Ein weiterer Kritikpunkt des Köln VG: Die roten durchgezogenen Begrenzungslinien für die Fahrradstraße in Bonn Ückesdorf könnten Verwechselungsgefahr bergen mit den einzigen in der StVO vorgesehenen Markierung in weißer oder gelber Farbe. Das sieht die Oberste Verkehrsbehörde des Landes, das ist das Düsseldorfer Verkehrsministerium, nicht so. Die roten Begleitlinien in den Bonner Fahrradstraßen seien als straßenbauliches Gestaltungselement mit rein informellem Charakter (ohne verkehrsrechtlichem Regelungsgehalt) möglich und könnten beibehalten werden.
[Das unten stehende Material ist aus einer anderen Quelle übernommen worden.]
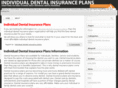 individualdentalinsuranceplans.org
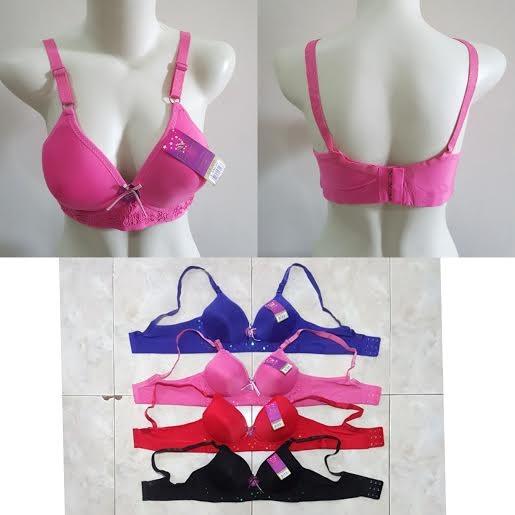 Gambar BRA 346 BORDIR HALUSAN BUSA TIPIS - Merah Muda, 38B dari BakulBra undefined Tokopedia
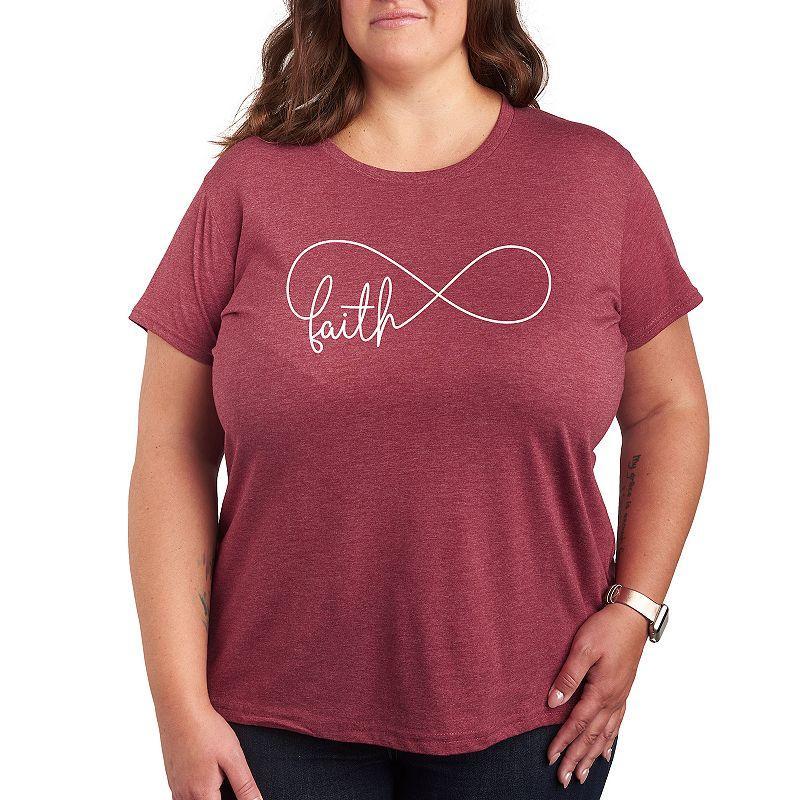 Plus Eternal Faith Graphic Tee, Women's,  Product Image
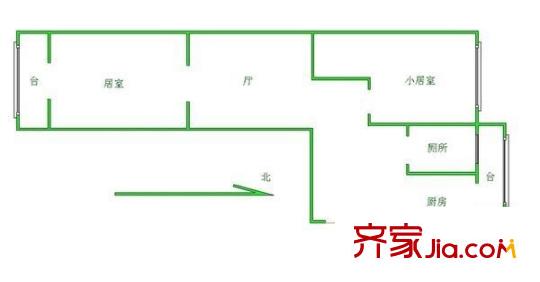 金兆園 2室 戶型圖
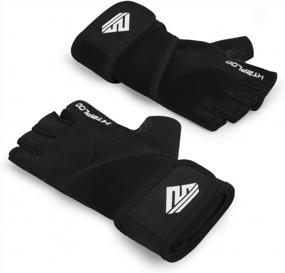 img 3 attached to Тренировочные перчатки Full Palm Pad с сильной поддержкой запястья и улучшенным захватом для мужчин и женщин - идеально подходят для фитнеса, тяжелой атлетики, тренировок и упражнений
Die Farbenvielfalt bei der Einrichtung von Fahrradstraßen ist wohl dem Umstand geschuldet, dass die Bundesverkehrsminister sich jahrzehntelang beim Thema Radverkehr für nicht zuständig erklärten. Das sei reine Ländersache. Mit der Folge: Hamburg machts in blau, Berlin hat grüne, NRW rote Fahrradstraßen.

Sachlich bleiben!

Bleibt zu hoffen, dass wieder Sachlichkeit in die Debatte über die Umsetzung der Bonner Fahrradstraßenplanung einzieht. Öl ins Feuer der Aufgeregtheit goss der General-Anzeiger in seiner Ausgabe vom 29. August: Völlig faktenfrei war dort zu lesen: "Was den Ückesdorfer zunehmend irritiere, seien Übergriffe auf Bonner, die eine Fahrradstraße ablehnen." Übergriffe? Droht ein Bürgerkrieg? Skandalisierung und Aufbauschung sind zwar heutzutage an der Tagesordnung, aber in einem Qualitätsmedium?

Tags drauf relativierte der GA: Bei den Übergriffen handele es sich um „beleidigende E-Mails“ und Farbbeutel (Plural), die auf ein Haus in der Nachbarschaft geworfen worden seien. Etwas mehr Recherche hätte der Klärung des Sachverhalts gut getan. Der ADFC setzt sich gegen Wut- und Hass-E-Mails ein, die wir leider auch hin und wieder bekommen. Farbbeutel sind für uns kein Mittel der politischen Auseinandersetzung.